The drought in passes from Mayfield to Chubb was much less public, but just as damaging to the team. Chubb had developed into a superb receiver, and Mayfield was ignoring him. Why?

We cannot completely rule out the idea that the coaching staff thought it was a good idea for Mayfield to take 43 sacks in 14 games and eschew the dump pass to Chubb, but it really did seem that Mayfield was averse to throwing the ball to Chubb.

We can also point out that Hunt and Johnson combined for 52 targets and 41 receptions last season, so it’s not that the Browns’ offense was unfriendly to running backs catching balls out of the backfield. It was just Chubb that Mayfield had a problem with.

Chubb, after all, was Mayfield’s greatest rival. This writer has said many times that this is Nick Chubb’s team rather than Mayfield’s and that the Browns have always been about running the ball, since the time of Jim Brown and Marion Motley.
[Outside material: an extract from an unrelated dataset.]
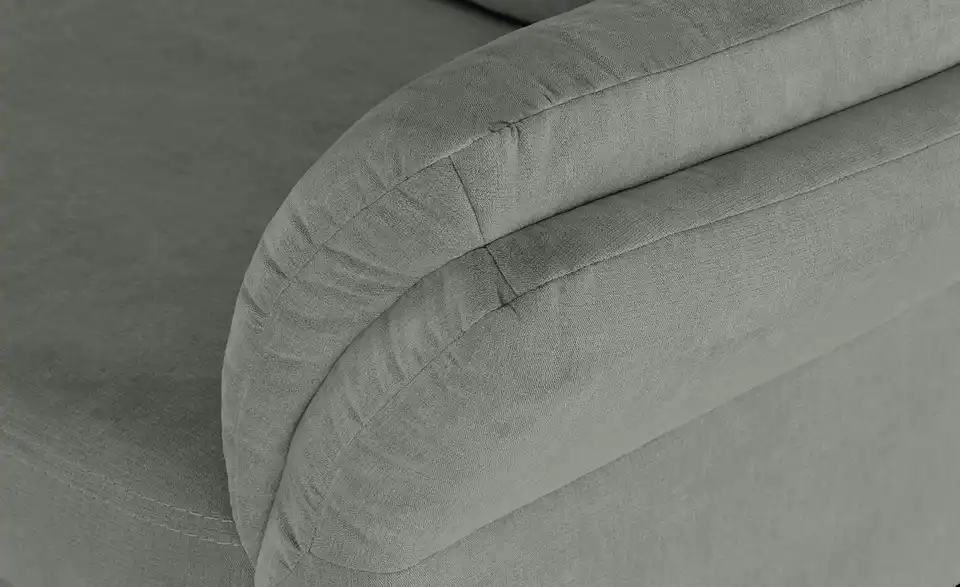 Max Schelling Wohnlandschaft Maximum, Detailansicht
No one can read Mayfield’s mind to know whether there was a mental block there or some kind of feud, but the numbers show that Mayfield sent too many passes to unproductive receivers last season. Whatever the issue was, guessing here is Mayfield probably would have eventually worked it out (sacks have a way of knocking sense into even thick noggins), but we will never know. A new start in Carolina is probably even more helpful.

Interestingly, Watson’s Texans had acquired both Carlos Hyde and Duke Johnson in 2019, who shared the Browns backfield with Chubb in 2018. The Texans and Browns are always exchanging players, it seems like.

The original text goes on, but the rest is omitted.